The NIST Cybersecurity Supply Chain Risk Management guidance emphasizes understanding supplier relationships and dependencies. For a small office, that means knowing which vendors touch which locations, systems, records, and recurring payments.
Review Schedule
Vendor onboarding continues after the first invoice is paid.
- One-time vendors: Close the record after payment, property return, and access removal.
- Recurring facilities vendors: Review service scope, contacts, access, and invoices at renewal and when the office moves.
- Data or system vendors: Review user accounts, administrator permissions, data handling, and emergency contacts at least annually and after staffing changes.
- High-impact vendors: Review the arrangement after a security incident, service failure, office move, merger, or major scope expansion.
Final Approval Checklist
Use this list immediately before the vendor begins work.
- The scope names the work, location, frequency, exclusions, and extra-work approval limit.
- One internal owner is responsible for vendor communication and invoice review.
- Physical access is limited to the areas and hours required for the job.
- Digital access uses named accounts with only necessary permissions.

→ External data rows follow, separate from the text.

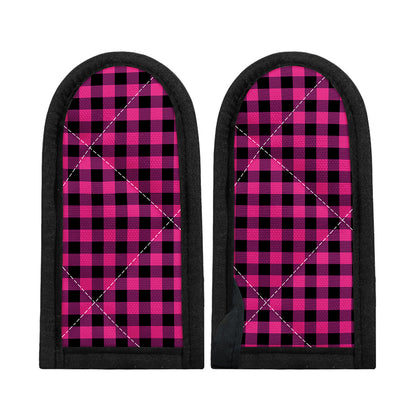 Hot Pink And Black Buffalo Check Print Skillet Handle Cover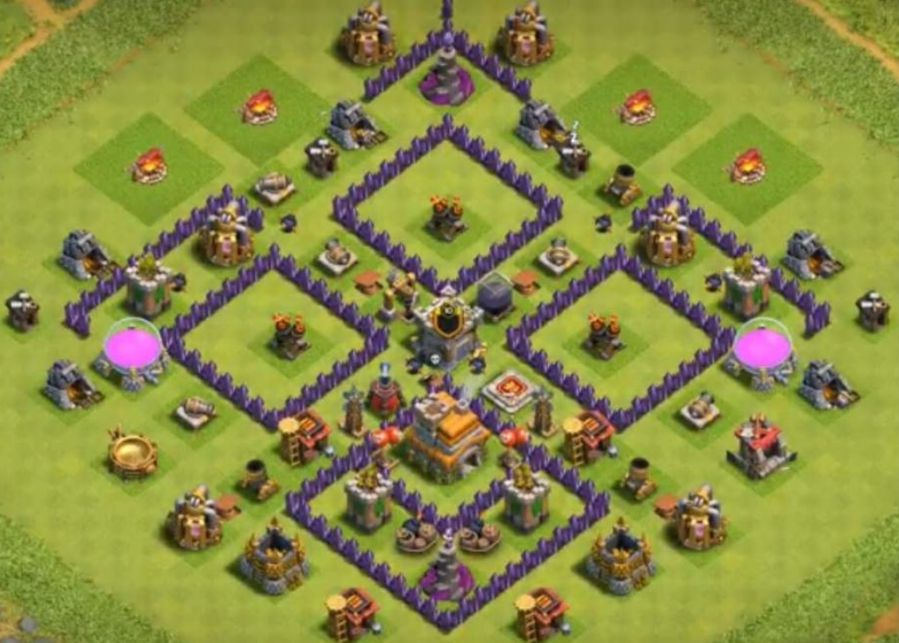 Base Trophy COC TH 7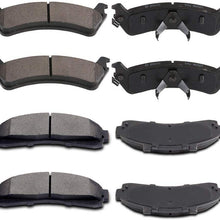 SCITOO 8pcs Front Rear Ceramic Brake Pads fit for 1995 1996 1997 1998 1999 2000 2001 Ford Explorer,1998 1999 2000 2001 2002 Ford Ranger,1997 1998 1999 2000 2001 Mercury Mountaineer
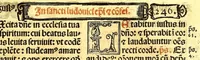 Picture 22 of 33 from Missale romanum ordinarium. : Misale romanum nuper adoptatum co[m]modu[m] quoru[m]cu[m]q[ue] sacerdotu[m] summa diligentia distinctu[m]: atq[ue] ita ex nouo ordine digestu[m] vt apposit[is] introitib[us], gradualib[us], offertorijs [et] co[m]munionibus o[mn]es miss[a]e sint in suis loc[is] integre. In quo etia[m] adiunct[a]e sunt mult[a]e miss[a]e uou[a]e [sic], [et] alia plurima sup[er]addita, q[uae] in missalib[us] hacten[us] i[m]p[re]ssis d[e]sideraba[n]tur. 1561 (1561), leaf 471
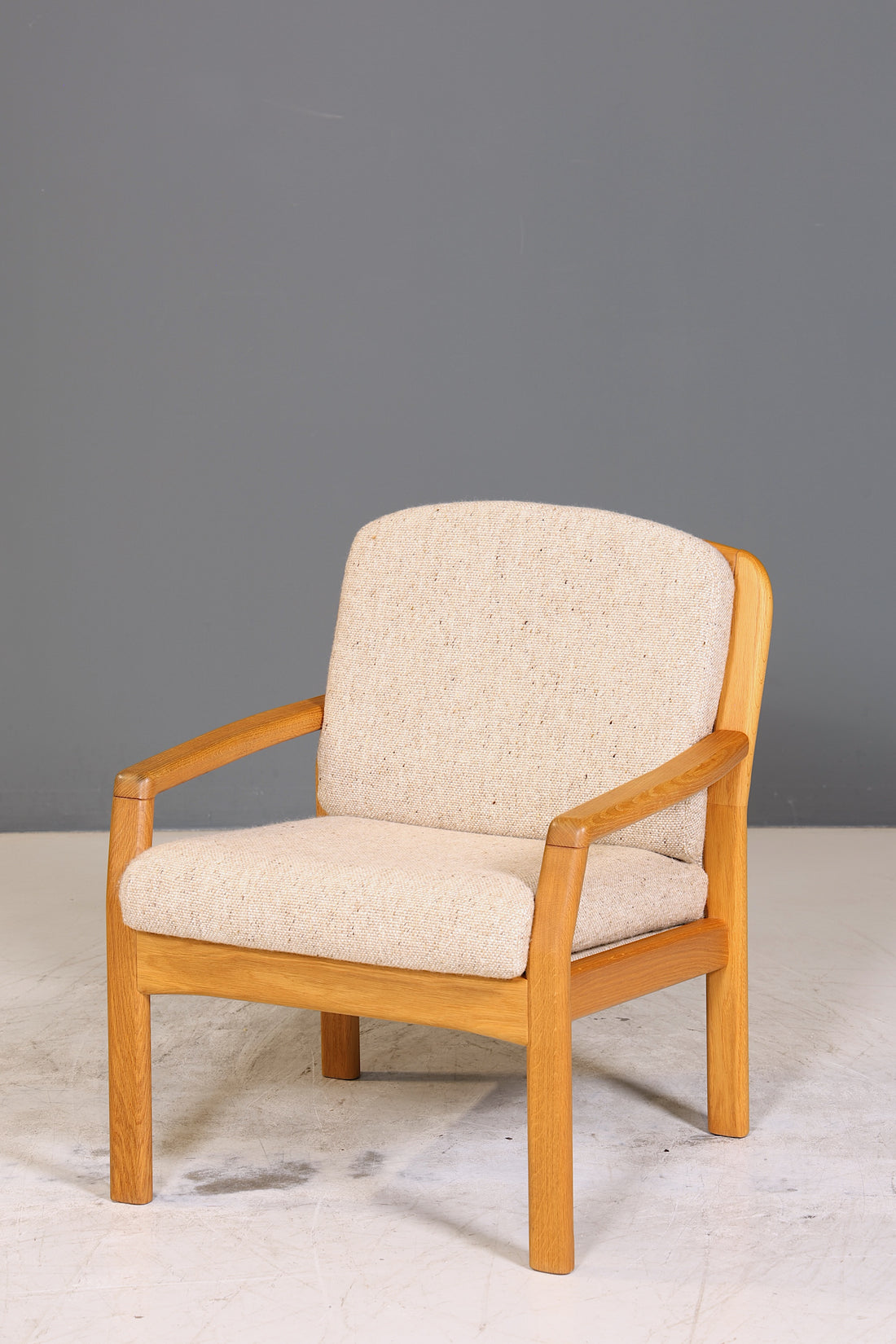 Wunderschöner Original Dyrlund Sessel Mid Century Armlehnsessel echt Holz Lounge Chair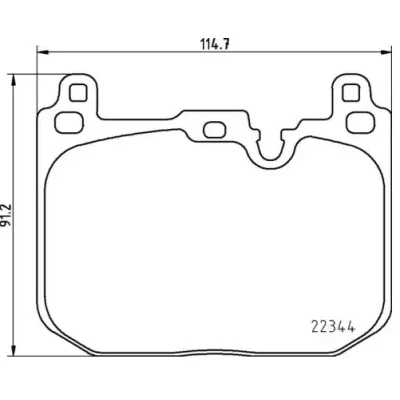 Bilde av VAICO V20 3131 Bremseklosser Q+, original equipment manufacturer quality framaksel klargjort for slitasjeindikator BMW: X1, MINI: Hatchback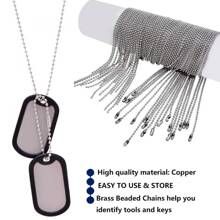 5m/Lot Gold Black Bronze Silvery Color Metal Ball Bead Chains 1.2-4mm For DIY Necklaces Jewelry Making Findings Accessories - Multicolor - View 4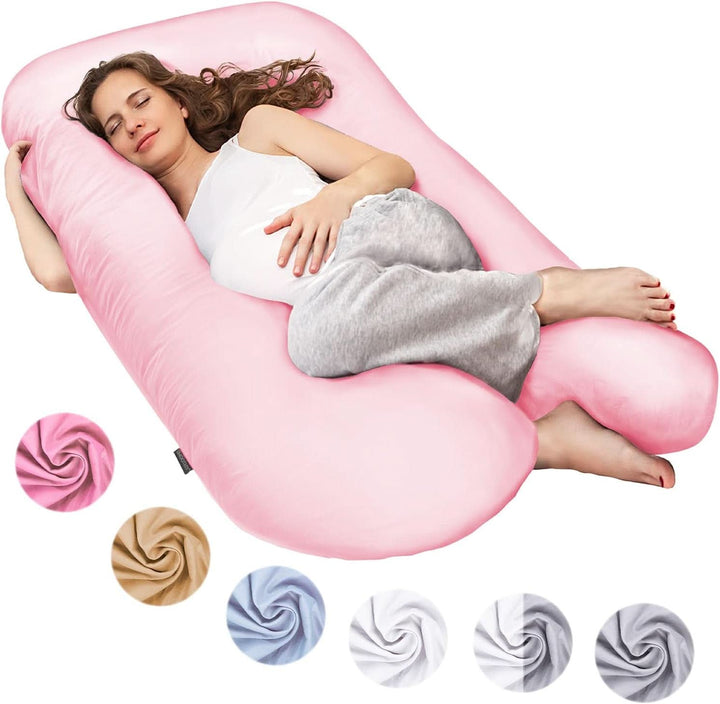 Pernă de sarcină SMOOTHY XXL, perna multifunctionala, Classic XXL, 150 X 80 cm, roz Accesorii Hrana si Alaptare Bebe Naty Shop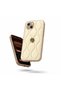 Apple iPhone 14 Plus Compatible Case Zebana Camellia Leather Case Beige - 2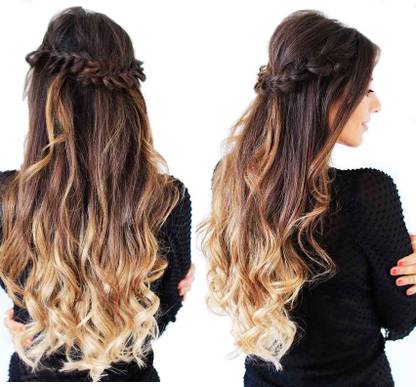 RAAYA 5 Pcs Clips Fancy Curly Extension For Girls And Women For Casual And Party Wear, Blonde Hair Extension Price in India - Buy RAAYA 5 Pcs Clips Fancy Curly Extension For RAAYA 5 Pcs Clips Fancy Curly Extension For Girls And Women For Casual And Party Wear, Blonde Hair Extension Price in India - Buy RAAYA 5 Pcs Clips Fancy Curly Extension For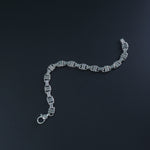 Pure 925 silver Cuban interlinked bracelet for men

- Keys, badges, accounts, stored items, and recurring billing have an end date or offboarding trigger.
- Billing terms identify recurring charges, add-on work rules, renewal timing, and cancellation authority.
- Onsite supplies, equipment, or records have a defined storage location and owner.
- Escalation contacts cover missed work, urgent building issues, service outages, and data concerns.
- The agreement, contacts, access notes, and billing terms are stored in the vendor record.
- The vendor has a review date that matches its operational impact.
When to Hold Approval
Hold approval until the gap is resolved when the office cannot identify the scope, invoice owner, access sponsor, or offboarding plan.
Use a high-control process rather than a basic office checklist when the vendor will receive administrator access, process payroll, handle financial records, access regulated information, or support a critical business system. These arrangements need input from the person responsible for technology, finance, privacy, or legal obligations.
Do not approve a high-access vendor with “we will sort it out later” as the operating plan. It is far easier to delay a start date than to recover an untracked key, remove unknown system access, or dispute recurring charges with no documented approval.